Our previous work showed that implanting a sensory nerve or vascular bundle when constructing vascularized and neurotized bone could promote bone osteogenesis in tissue engineering. This phenomenon could be explained by the regulatory function of neuropeptides. Neuropeptide substance P (SP) has been demonstrated to contribute to bone growth by stimulating the proliferation and differentiation of bone marrow stem cells (BMSCs). However, there have been no prior studies on the association between Wnt signaling and the mechanism of SP in the context of BMSC differentiation. Our results have shown that SP could enhance the differentiation of BMSCs by activating gene and protein expression via the Wnt pathway and by translocating β-catenin, which can be inhibited by Wnt signaling blocker treatment or by the NK-1 antagonist.
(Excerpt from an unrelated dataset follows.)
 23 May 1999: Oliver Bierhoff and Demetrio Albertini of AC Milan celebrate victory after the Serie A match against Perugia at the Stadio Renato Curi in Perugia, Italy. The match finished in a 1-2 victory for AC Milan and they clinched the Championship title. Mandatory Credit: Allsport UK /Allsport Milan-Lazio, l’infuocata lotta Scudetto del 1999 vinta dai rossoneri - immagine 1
SP could also increase the growth factor level of bone morphogenetic protein-2 (BMP-2). Additionally, SP could enhance the migration ability of BMSCs, and the promotion of vascular endothelial growth factor (VEGF) expression by SP has been studied. In conclusion, SP could induce osteoblastic differentiation via the Wnt pathway and promote the angiogenic ability of BMSCs. These results indicate that a vascularized and neurotized tissue-engineered construct could be feasible for use in bone tissue engineering strategies.